■ TASK OBJECTIVE
Images are to be left out; everything else in the listing should be repeated exactly.

■ RECORDED DATA
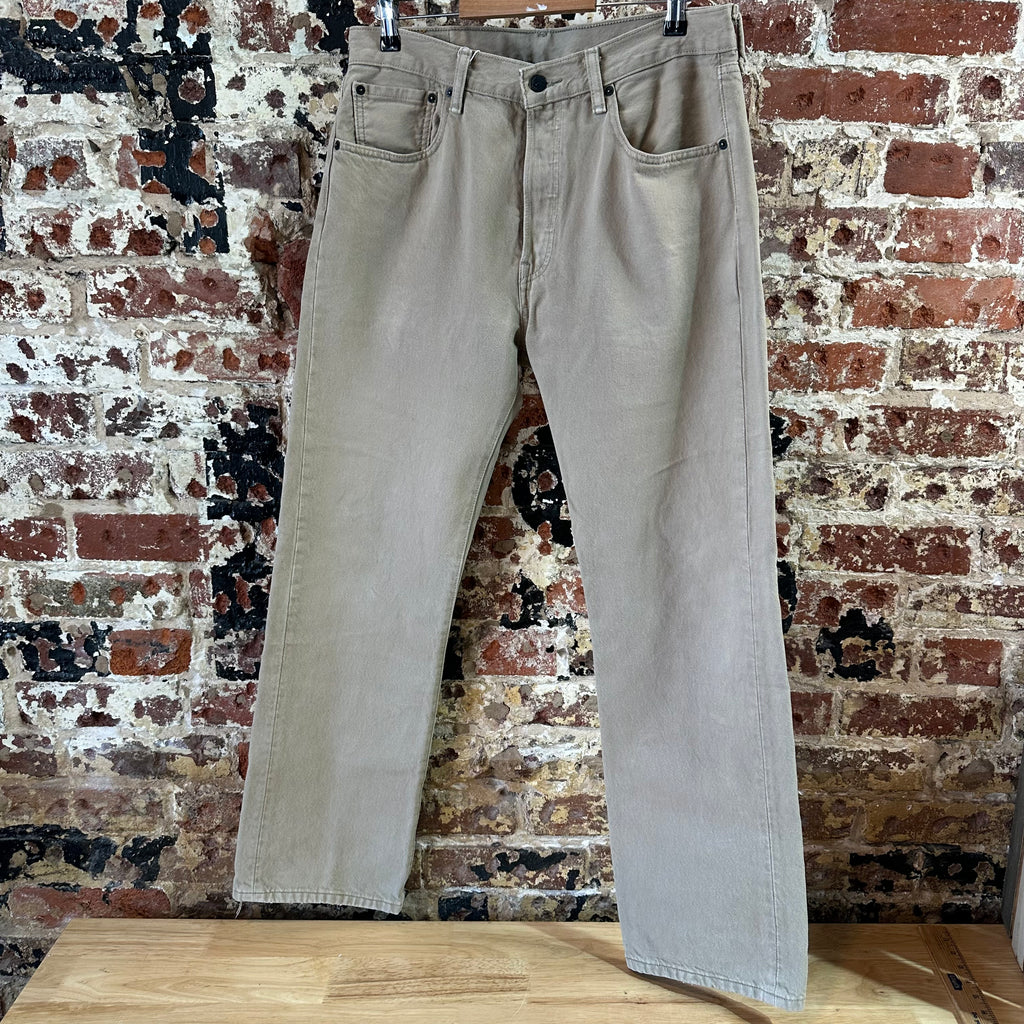 Levi's 501 Mens 33x30 Tan Jeans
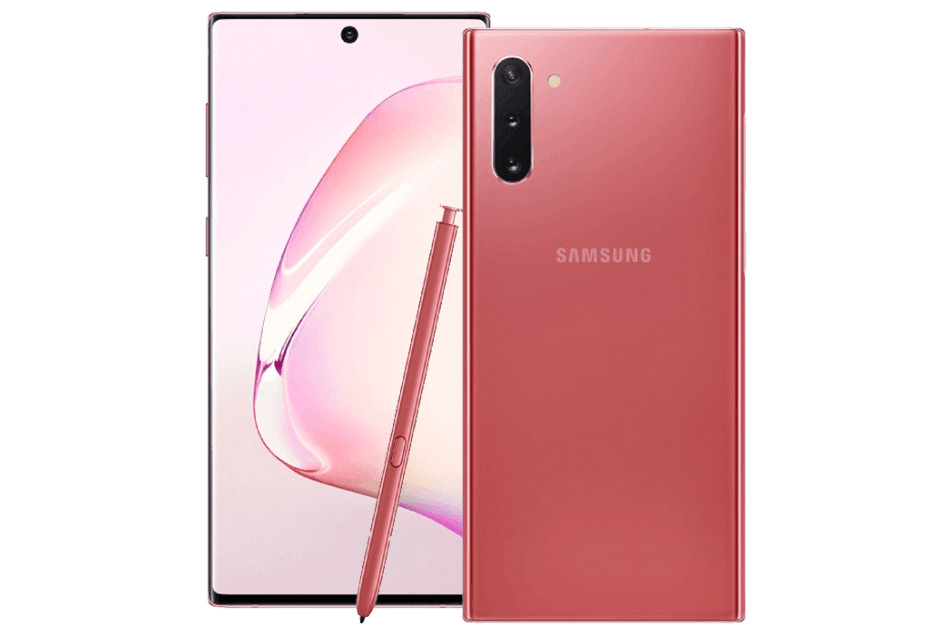 Samsung "oficial" Galaxy A nota 10 é processada, vamos ver a variante rosa do telefone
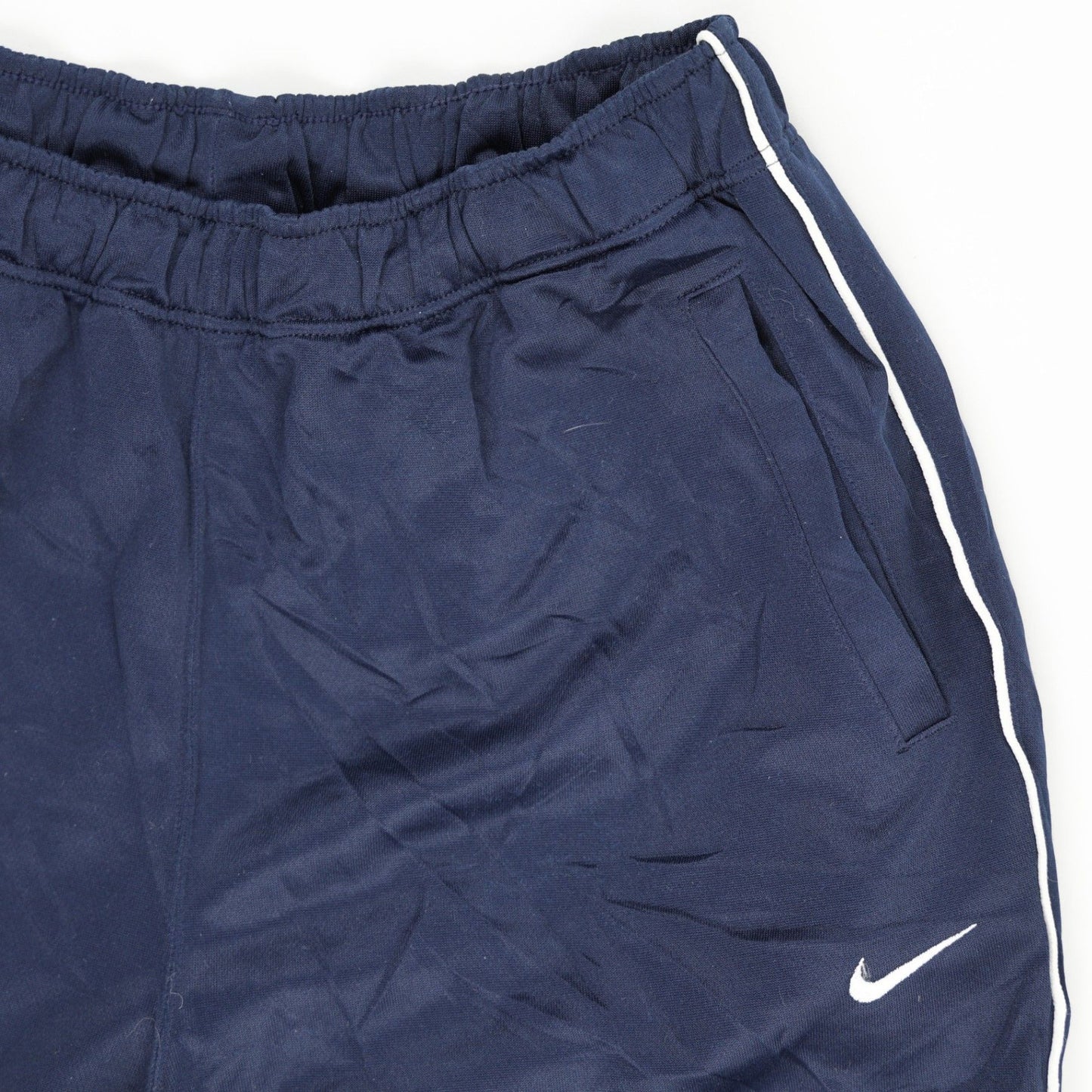 Nike Track Trousers Navy Blue Medium Polyester Men's 77 cm Inseam 39 cm Waist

■ ANSWER BELOW
 Levi's 501 Mens 33x30 Tan Jeans
 Samsung "oficial" Galaxy A nota 10 é processada, vamos ver a variante rosa do telefone
 Nike Track Trousers Navy Blue Medium Polyester Men's 77 cm Inseam 39 cm Waist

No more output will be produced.